Le 1er juin 2003, DCN ne sera plus un service administratif du ministère de la défense, conformément aux prescriptions du législateur. L'article 78 de la loi de finances rectificative pour 2001 dispose en effet que l'entreprise nationale « régie par le code du commerce, dont le capital est détenu en totalité par l'Etat » doit entrer en activité deux ans après la promulgation de la loi, au plus tard. A cet effet, l'Etat et DCN ont préparé un contrat pluriannuel, qui fixera leurs relations financières, les objectifs économiques et sociaux de l'entreprise et un certain niveau de commandes du ministère de la défense en contrepartie.

Une société de préfiguration, DCN développement, a été créée fin janvier 2002, afin de préparer le transfert des actifs et les conditions juridiques de l'entrée en activité de l'entreprise nationale. Le contrat pluriannuel, qui devait être signé au plus tard à la fin du premier trimestre 2003, a été rendu public au cours du mois de mars. Il y est précisé que l'entreprise devra réaliser un chiffre d'affaires moyen de 1,8 milliard d'euros sur la période 2003-2008 et atteindre un résultat net de 4 % en 2008, l'objectif étant de présenter des comptes positifs dès 2005. Pour ce faire, les coûts de production seront réduits de 12 % et l'Etat s'engagera à investir quelque 860 millions d'euros dans l'outil de production.

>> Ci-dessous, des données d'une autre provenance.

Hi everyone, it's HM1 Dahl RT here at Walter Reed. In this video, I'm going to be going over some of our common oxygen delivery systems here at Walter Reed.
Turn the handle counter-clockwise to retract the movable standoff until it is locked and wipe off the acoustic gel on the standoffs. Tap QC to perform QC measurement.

La société nationale DCN ne sera plus soumise aux contraintes administratives et juridiques (le code des marchés publics, entre autres), qui entravaient le bon déroulement de son activité industrielle du temps de son statut d'administration. Sous réserve que les recrutements nécessaires en cadres et en main-d'œuvre qualifiée interviennent rapidement, sa réactivité et la qualité de ses prestations, notamment dans le domaine de l'entretien de la flotte, devraient progressivement s'améliorer et correspondre aux niveaux atteints par ses principaux concurrents. Il reste que DCN devra désormais s'acquitter de la taxe sur la valeur ajoutée (TVA) et des impôts locaux, ce qui se traduira par des surcoûts, de l'ordre de 700 millions d'euros sur cinq ans, sous réserve de la neutralité fiscale de la réforme.

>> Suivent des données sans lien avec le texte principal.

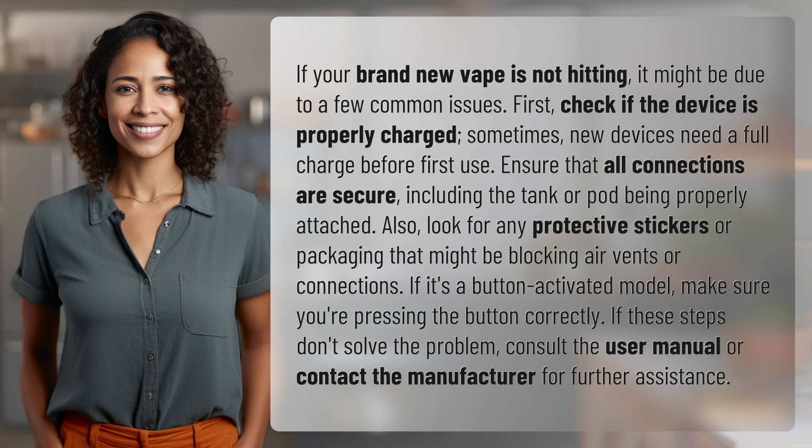If it's a button-activated model, make sure you're pressing the button correctly. If these steps don't solve the problem, consult the user manual or contact the manufacturer for further assistance.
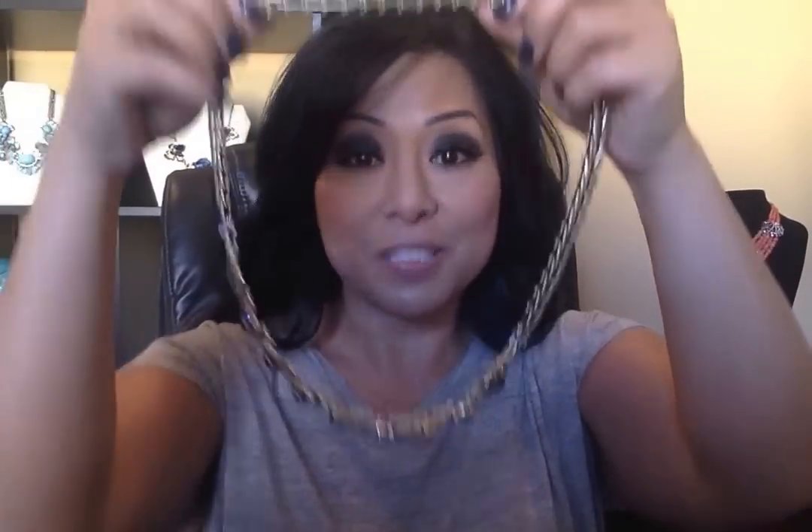So this is a bracelet, and you just take the chain from the Celestial Frost necklace and connect it like this. Then you take the other side like this, and you take the clasp right here and just snap it — and now you have a necklace.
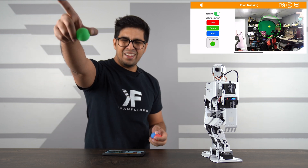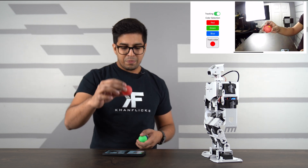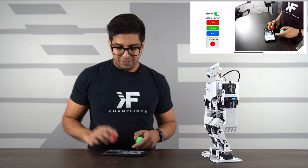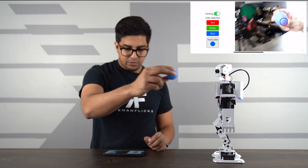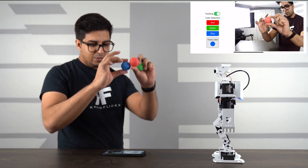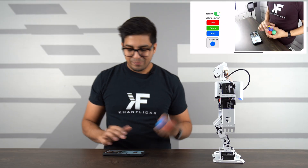The robot starts detecting our green screen in the background, so we switch to tracking red. Once tracking red, the robot's head follows the red ball as I move it up and down, left and right, in a full 360 motion. Switching to blue tracking works just as well — the camera follows the blue ball. If I hide the ball behind another, the robot loses it momentarily and then reacquires it when it reappears. This is a really impressive feature.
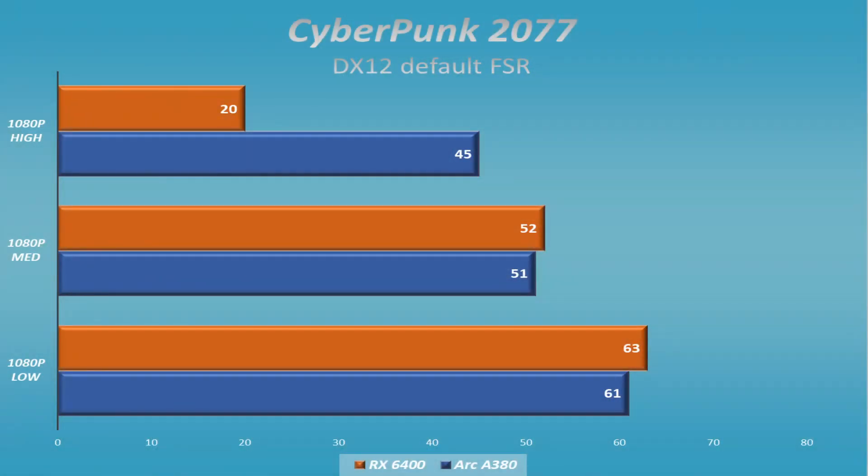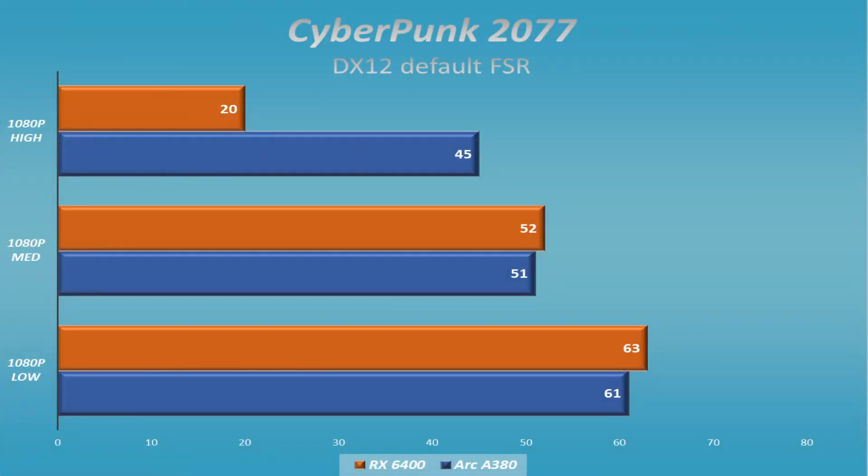One of those cases is Cyberpunk 2077. The RX 6400, for some reason, just does not like high settings at all. It looked like it provisioned enough memory and I didn't see anything obviously holding it back, yet it only managed about 20 frames per second, whereas the ARC A380 got about 45. When you went to medium or low, that difference went away and both cards are very comparable with each other in Cyberpunk.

Au regard de son plan de charge à l'exportation, l'entreprise est capable d'acquérir rapidement un niveau de compétitivité suffisant pour redresser sa situation financière sans porter préjudice au montant des crédits d'équipement des armées. Encore faut-il qu'elle bénéficie, à titre transitoire, d'un certain nombre de commandes inscrites dans la loi n° 2003-73 du 27 janvier 2003, relative à la programmation militaire pour les années 2003 à 2008. Le projet de contrat d'entreprise comporte des assurances sur ce point.

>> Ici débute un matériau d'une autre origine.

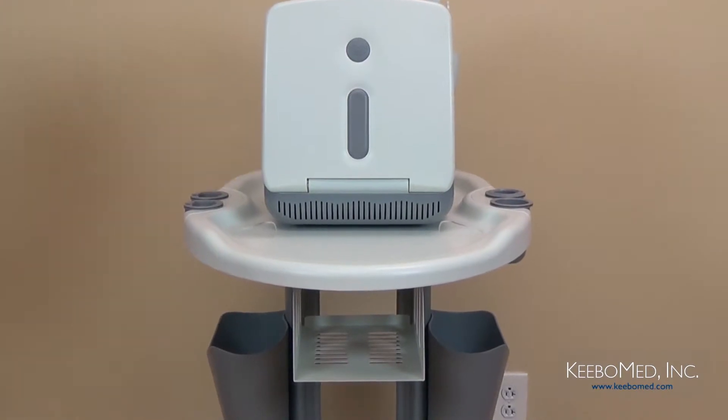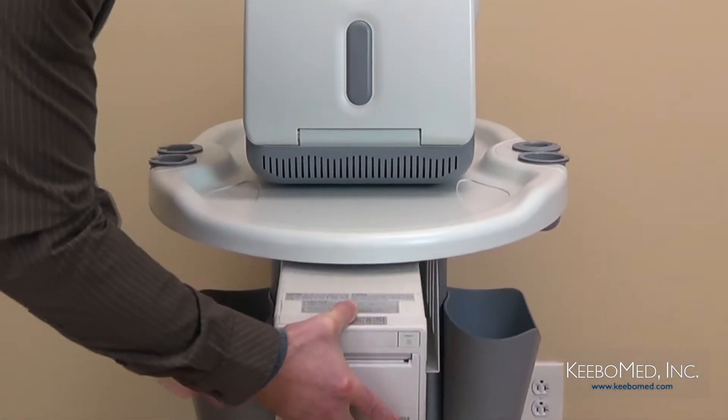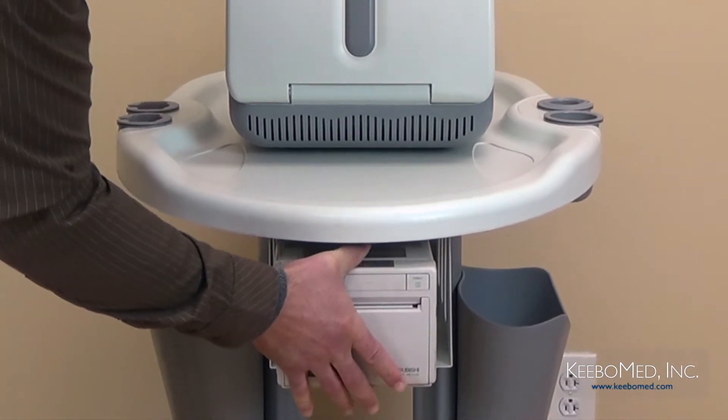Step number one: put the video printer beside the main unit, or on the video printer shelf if you are using a trolley.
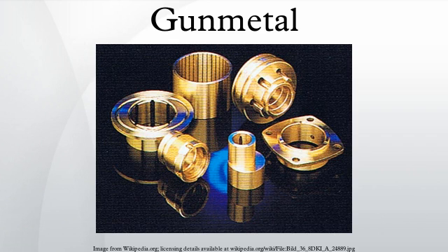Originally used chiefly for making guns, gun metal was eventually superseded by steel. Gun metal casts and machines well, is resistant to corrosion from steam and salt water, and is used to make steam and hydraulic castings, valves, and gears, and also statues and various small objects, for example buttons.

B. UNE ÉVOLUTION NÉCESSAIRE AU REGARD DU CONTEXTE INDUSTRIEL EUROPÉEN

Le secteur de la construction navale militaire est, aux niveaux européen et international, en complète mutation alors que l'étendue des besoins aujourd'hui exprimés par les marines de guerre laisse augurer l'émergence durable de très importants marchés de renouvellement et de renforcement des capacités. Des alliances s'ébauchent ou se concrétisent. Pour que DCN conserve l'un des premiers rôles européens de son secteur d'activité, il lui faudra approfondir ses coopérations. Telle est en tout cas l'une des possibilités offertes par son changement de statut.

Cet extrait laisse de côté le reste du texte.